A writer for the Los Angeles Times is getting substantial backlash for claiming white drivers are ‘polluting the air’ breathed by black and Latino residents.
According to his LinkedIn profile, Sammy Roth is the Energy Reporter for the outlet. In his piece, Roth cited a study that completely ignores economics and history and called the city’s freeway planning ‘racially motivated‘.
My colleague Terry Castleman wrote about the study, which was published in the peer-reviewed journal Urban Studies. The core finding is that for every 1% increase in miles driven to and from work by people who live in a particular part of L.A. County, there’s an estimated 0.62% decrease in the lung-damaging “fine particulate matter” to which those Angelenos are exposed.

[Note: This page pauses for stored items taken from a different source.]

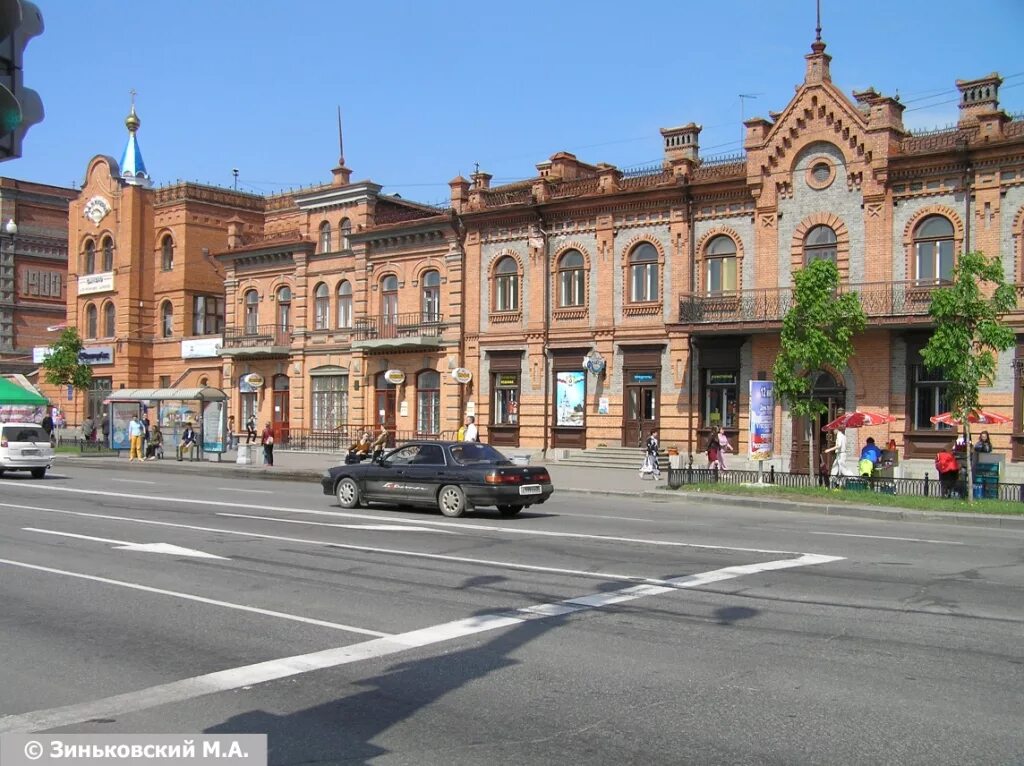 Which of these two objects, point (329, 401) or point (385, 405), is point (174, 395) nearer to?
point (329, 401)

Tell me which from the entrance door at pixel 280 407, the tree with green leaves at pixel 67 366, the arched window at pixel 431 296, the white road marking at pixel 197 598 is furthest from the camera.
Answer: the tree with green leaves at pixel 67 366

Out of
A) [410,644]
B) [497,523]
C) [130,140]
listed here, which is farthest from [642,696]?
[130,140]

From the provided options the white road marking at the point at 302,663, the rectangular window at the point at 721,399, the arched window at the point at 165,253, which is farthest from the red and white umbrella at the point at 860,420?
the arched window at the point at 165,253

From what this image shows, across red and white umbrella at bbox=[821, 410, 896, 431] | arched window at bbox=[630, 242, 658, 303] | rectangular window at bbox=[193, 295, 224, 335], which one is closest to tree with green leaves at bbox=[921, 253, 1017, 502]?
red and white umbrella at bbox=[821, 410, 896, 431]

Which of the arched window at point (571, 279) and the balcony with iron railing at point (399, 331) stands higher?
the arched window at point (571, 279)

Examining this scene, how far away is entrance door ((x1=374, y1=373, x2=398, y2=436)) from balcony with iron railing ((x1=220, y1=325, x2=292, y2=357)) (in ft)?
17.9

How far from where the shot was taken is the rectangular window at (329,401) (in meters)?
44.1

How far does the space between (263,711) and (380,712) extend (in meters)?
0.76

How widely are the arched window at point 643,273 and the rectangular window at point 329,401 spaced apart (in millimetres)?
14067

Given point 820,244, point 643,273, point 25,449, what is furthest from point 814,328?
point 25,449

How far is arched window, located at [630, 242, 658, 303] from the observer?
116 ft

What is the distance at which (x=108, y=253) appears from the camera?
55.6 m

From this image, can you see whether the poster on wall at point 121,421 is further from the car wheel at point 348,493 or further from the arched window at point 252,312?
the car wheel at point 348,493

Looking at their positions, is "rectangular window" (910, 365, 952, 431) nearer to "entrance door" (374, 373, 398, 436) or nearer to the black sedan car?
the black sedan car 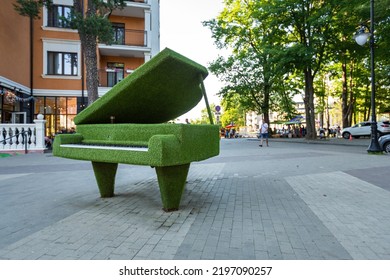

How is that possible? I asked the study’s lead author, Geoff Boeing, a professor at the USC Sol Price School of Public Policy.
He told me it largely comes down to the shameful history of Los Angeles County’s low-income communities of color being torn apart to make way for freeways — a history that has been extensively documented by The Times. Today, many residents of the county’s whiter, more affluent neighborhoods — who were often able to keep highways out of their own backyards — commute to work through lower-income Black and Latino neighborhoods bisected by the 10, 110 and 105 freeways and more.
“It’s not like commuters are coming in and shopping in those communities, patronizing restaurants,” Boeing said. “They’re just driving through to get from one side of the city to the other.”
A quick review of Roth’s LinkedIn profile shows he graduated from Columbia University with a degree in . . . Sustainable Development.
I majored in Sustainable Development and minored in American Studies, graduating cum laude. My coursework included environmental law, urban studies, energy development, geographic information systems and environmental economics. I reported and edited for the Columbia Daily Spectator, and I worked on water conservation projects for the Columbia Aquanauts, an interdisciplinary water club.
Without a stronger background in questioning assertions and challenging hypotheses, certain elements are not considered. For example, are the patterns of freeway use perhaps more driven by socioeconomic factors rather than race?